**Your goal:**
Your copy should begin at the line containing "Vue Canigou, Vernet les Bains" and end at the last line of the records below, matching each line exactly and leaving out pictures.

**Captioned web images:**
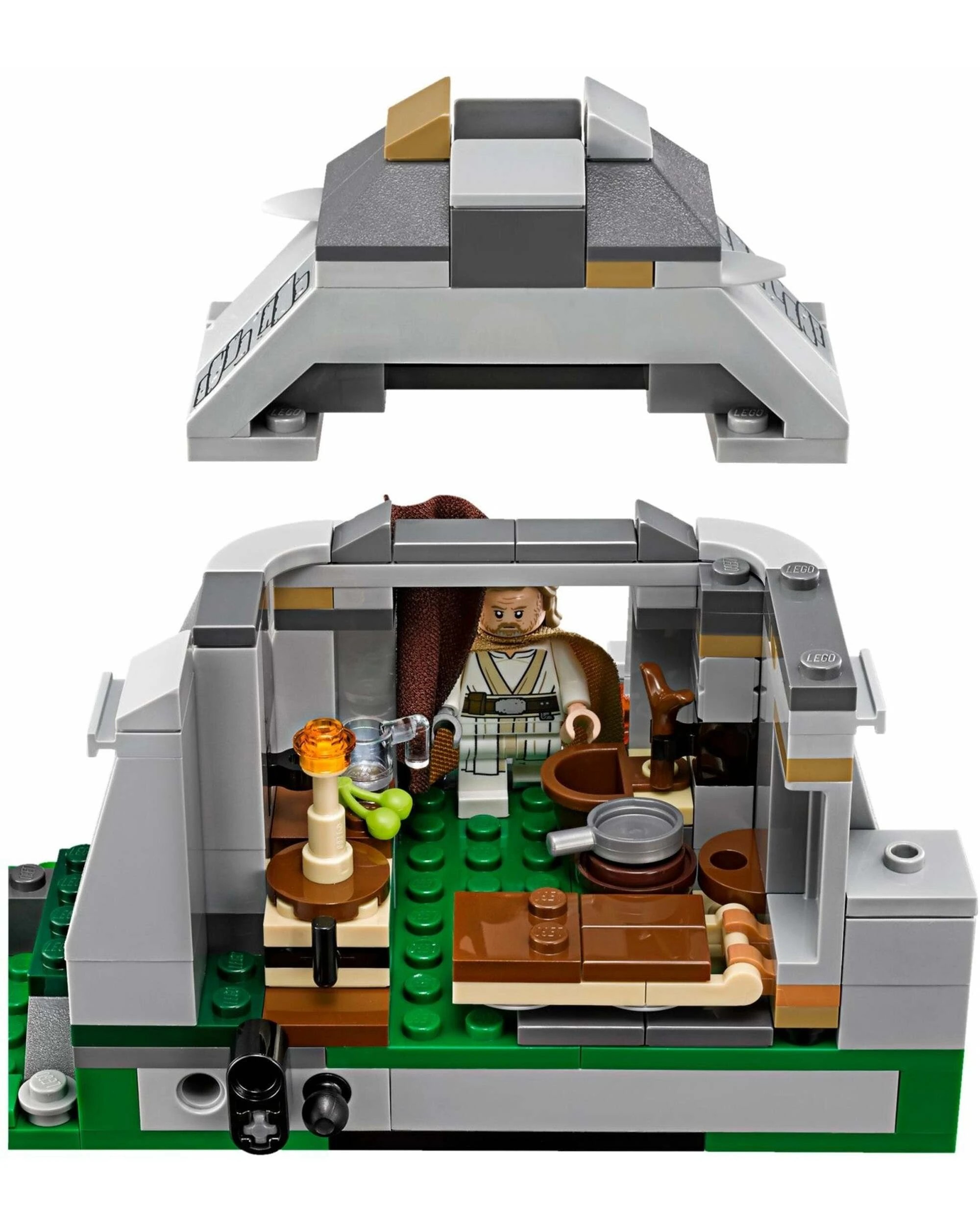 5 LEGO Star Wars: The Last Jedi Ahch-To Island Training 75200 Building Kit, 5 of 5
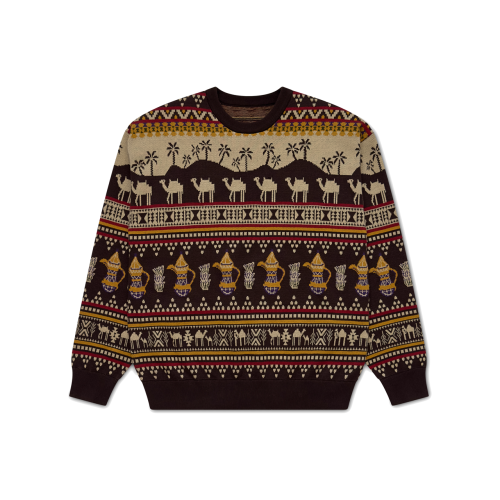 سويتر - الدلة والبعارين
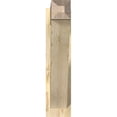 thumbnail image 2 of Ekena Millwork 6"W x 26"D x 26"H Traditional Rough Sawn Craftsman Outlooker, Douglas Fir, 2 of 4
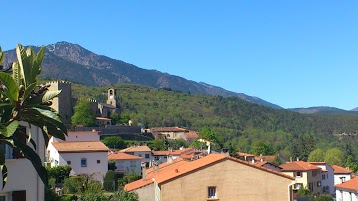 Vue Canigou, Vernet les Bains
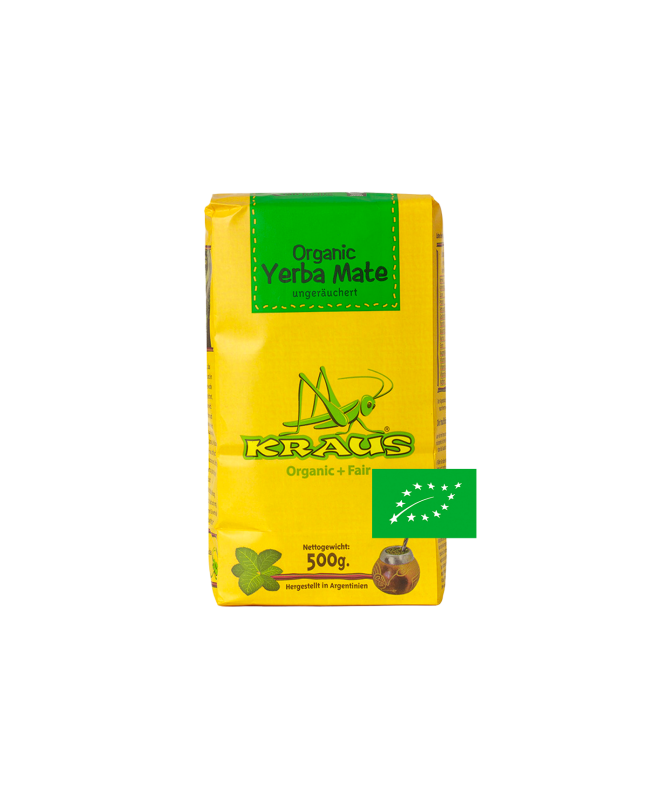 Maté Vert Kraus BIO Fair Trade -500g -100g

**Response for this exercise:**
 Vue Canigou, Vernet les Bains
 Maté Vert Kraus BIO Fair Trade -500g -100g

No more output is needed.